## ACTIVITY
Whatever lies between the line with "Asus GS-BE18000 ROG" and the end of the data, both included, must be copied exactly and without pictures.

[Captioned web images]

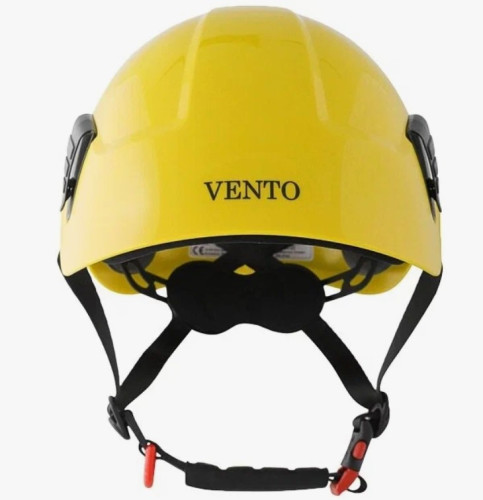  Каска Венто защитная Энерго желтая в Тюмени  
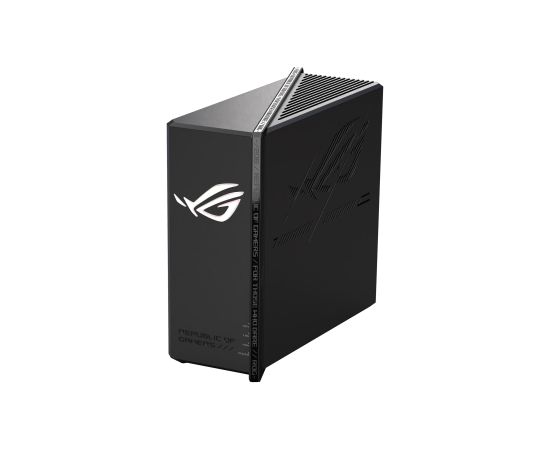 Asus GS-BE18000 ROG STRIX 802.11be Ethernet LAN (RJ-45) ports 1 Mesh Support Yes MU-MiMO Yes 4G/5G Antenna type Internal Рутеры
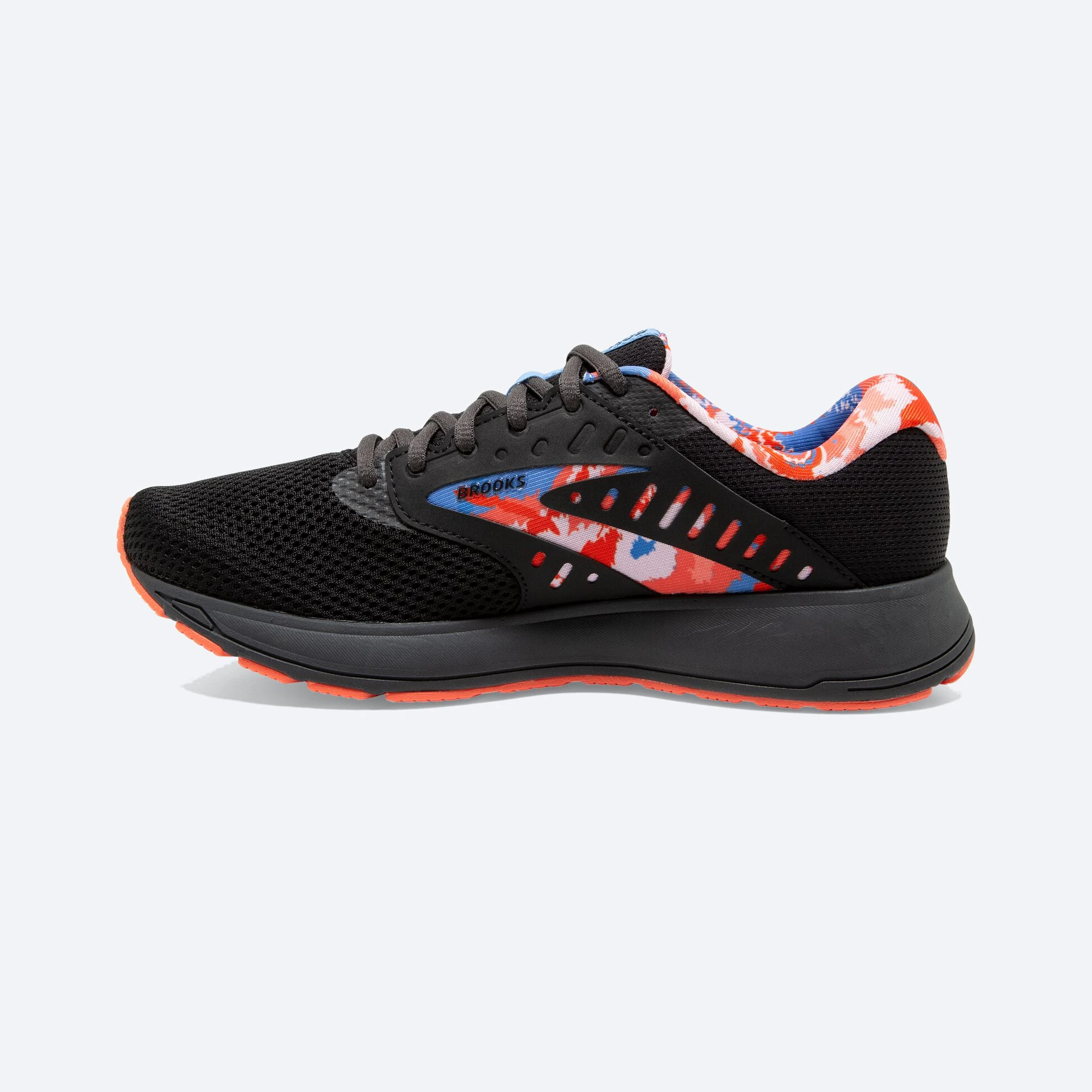 Brooks Range 2 073 - Black/Coral/Marina - Image 4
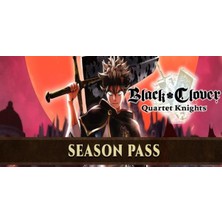 Black Clover Quartet Knıghts Season Pass (Dlc)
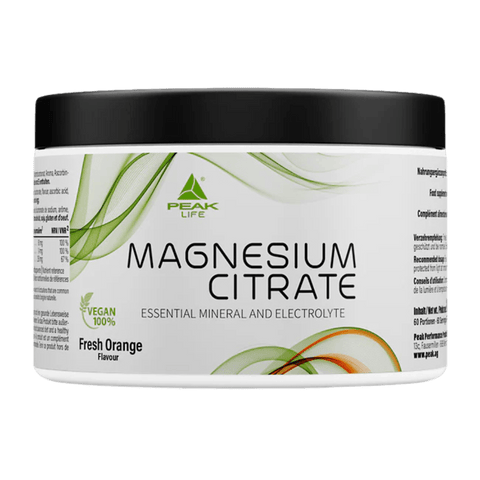 Magnesium Citrat - 𝐋𝐀𝐒𝐓𝐋𝐈𝐅𝐓®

## ANSWER SECTION
 Asus GS-BE18000 ROG STRIX 802.11be Ethernet LAN (RJ-45) ports 1 Mesh Support Yes MU-MiMO Yes 4G/5G Antenna type Internal Рутеры
 Brooks Range 2 073 - Black/Coral/Marina - Image 4
 Black Clover Quartet Knıghts Season Pass (Dlc)
 Magnesium Citrat - 𝐋𝐀𝐒𝐓𝐋𝐈𝐅𝐓®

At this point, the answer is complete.